▶ [EXERCISE MATERIALS]:
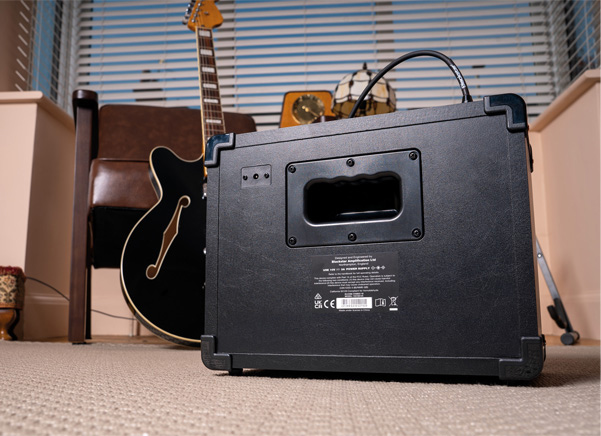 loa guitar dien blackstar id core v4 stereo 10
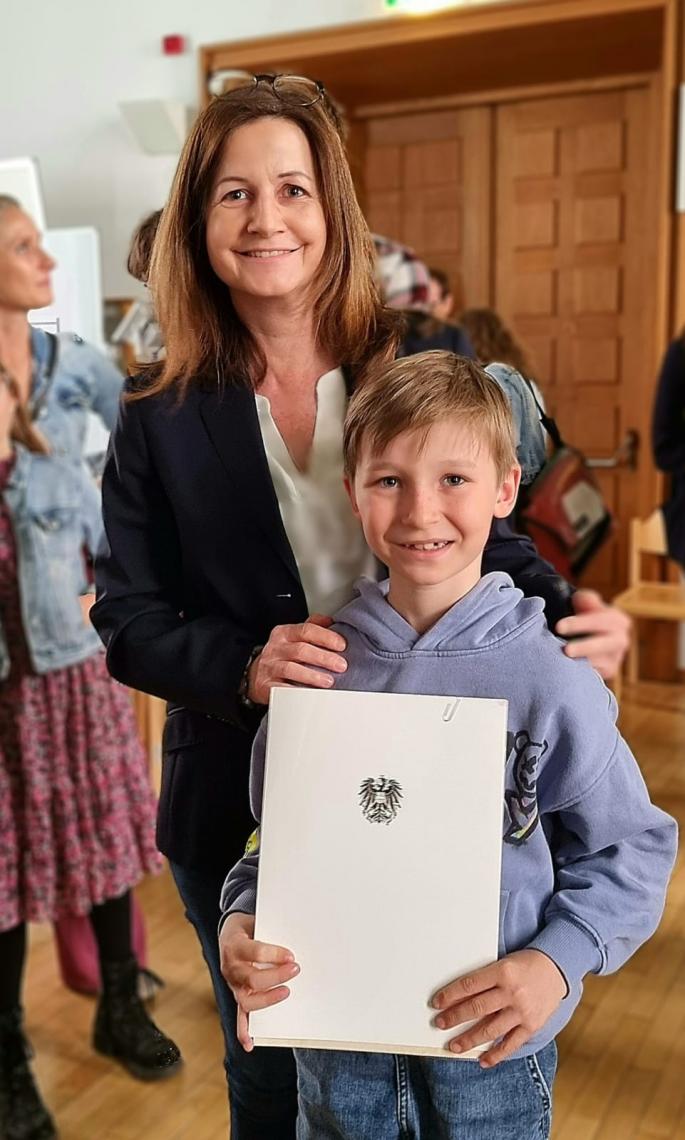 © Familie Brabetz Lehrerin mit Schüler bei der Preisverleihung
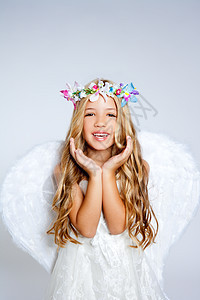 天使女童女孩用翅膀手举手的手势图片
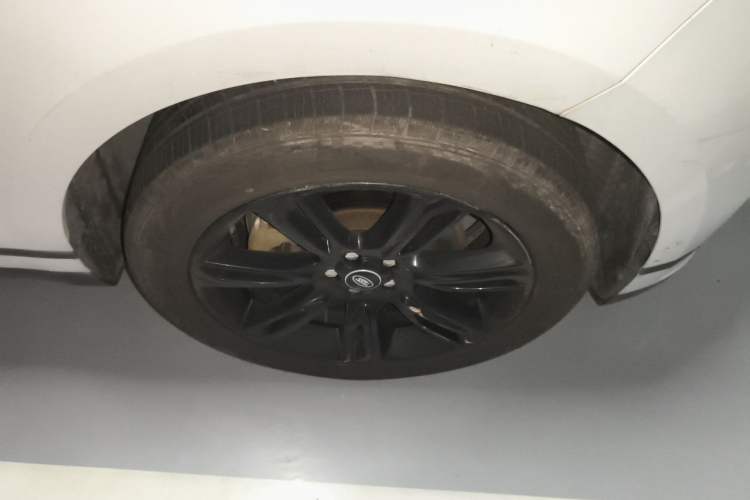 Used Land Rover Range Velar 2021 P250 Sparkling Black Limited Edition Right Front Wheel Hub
...
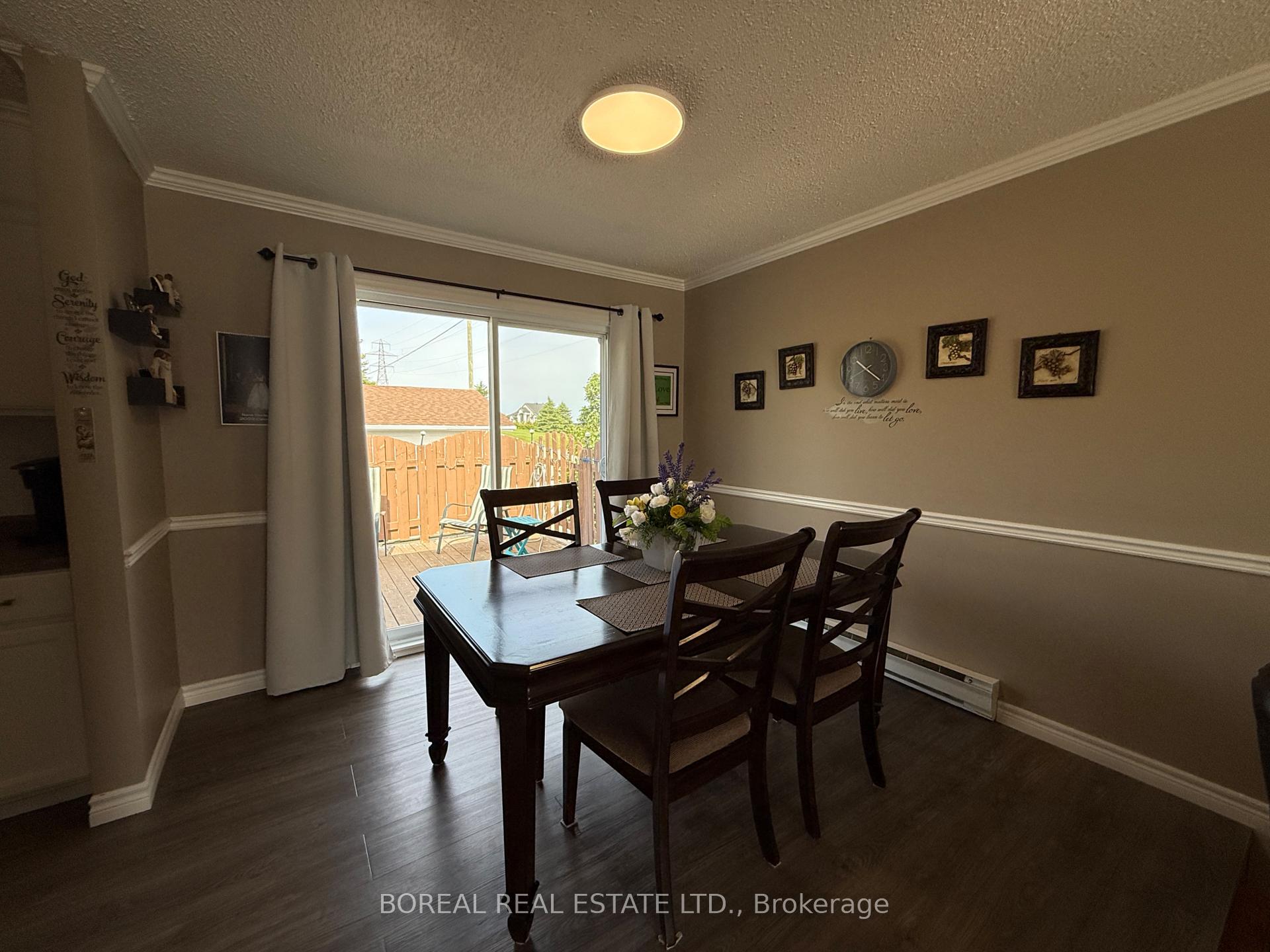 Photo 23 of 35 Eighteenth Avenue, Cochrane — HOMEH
--
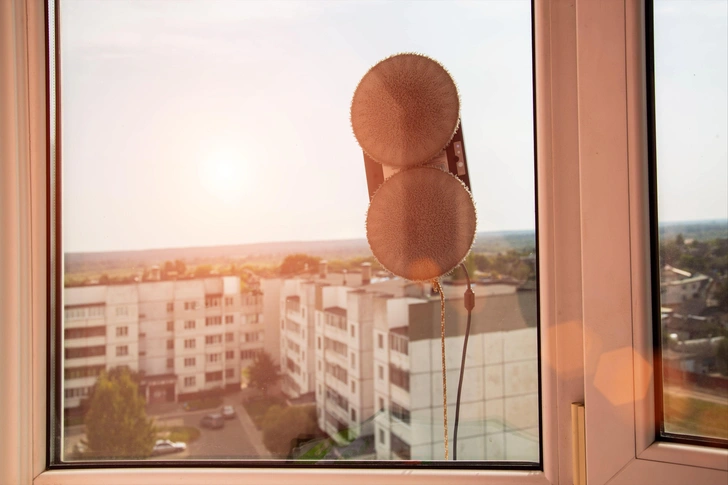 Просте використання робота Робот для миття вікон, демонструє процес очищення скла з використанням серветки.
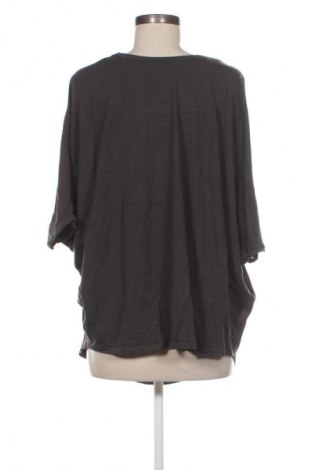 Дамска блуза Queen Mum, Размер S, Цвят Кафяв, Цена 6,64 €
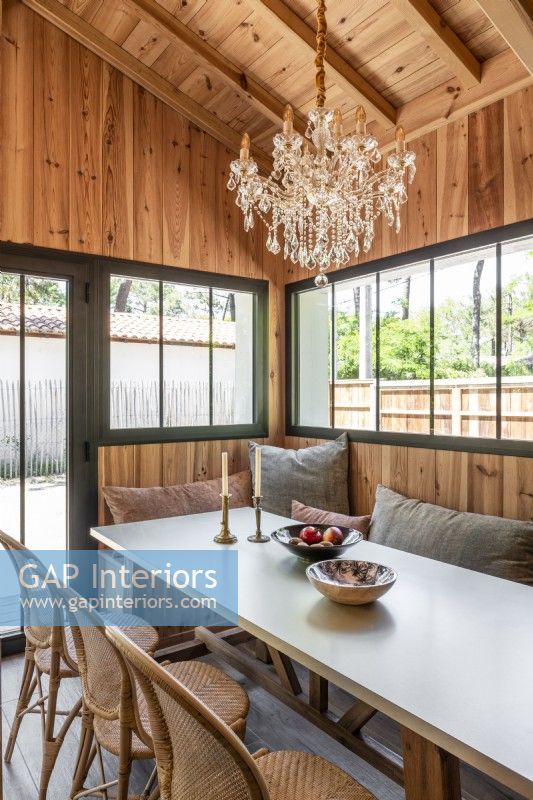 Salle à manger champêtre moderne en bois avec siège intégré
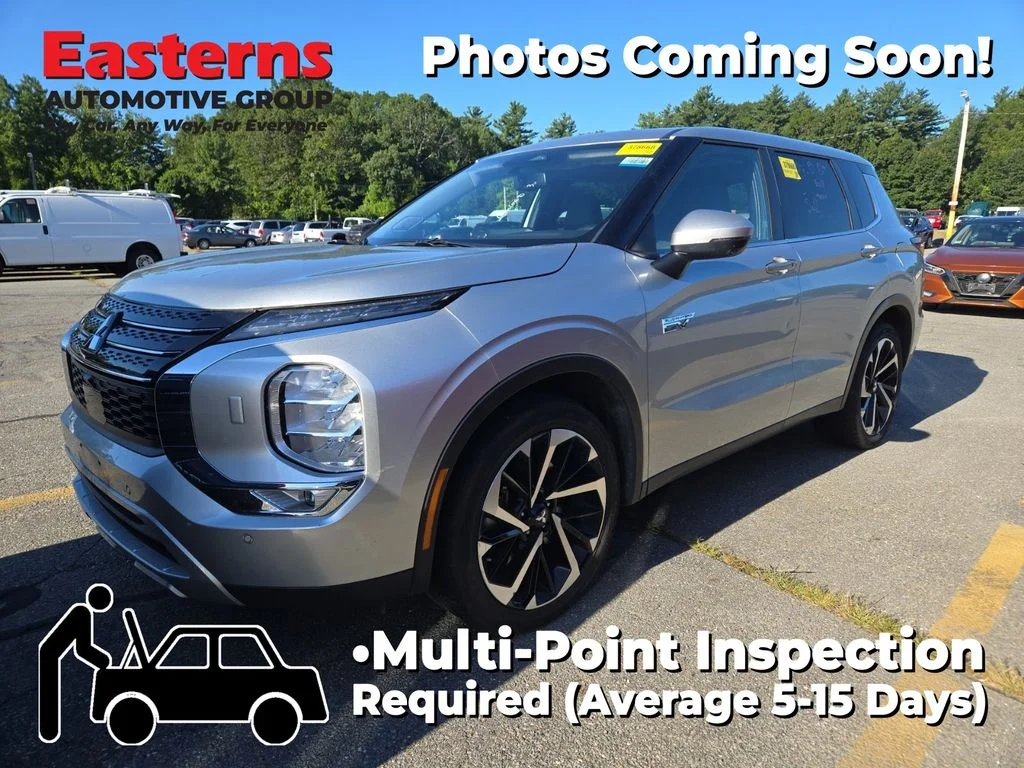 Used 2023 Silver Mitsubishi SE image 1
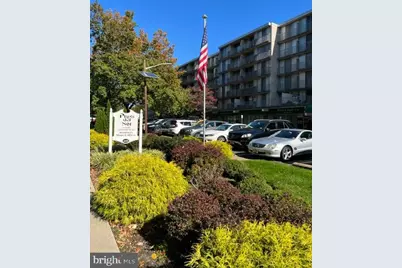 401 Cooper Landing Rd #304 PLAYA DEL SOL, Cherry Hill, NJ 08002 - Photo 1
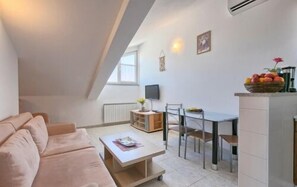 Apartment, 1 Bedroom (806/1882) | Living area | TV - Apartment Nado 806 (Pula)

▶ [HOW TO COMPLETE THIS TASK]:
Set the pictures aside and retype exactly the lines above from the line with "loa guitar dien" to the line with "Used Land Rover", both included, adding no others.

▶ [RESPONSE]:
 loa guitar dien blackstar id core v4 stereo 10
 © Familie Brabetz Lehrerin mit Schüler bei der Preisverleihung
 天使女童女孩用翅膀手举手的手势图片
 Used Land Rover Range Velar 2021 P250 Sparkling Black Limited Edition Right Front Wheel Hub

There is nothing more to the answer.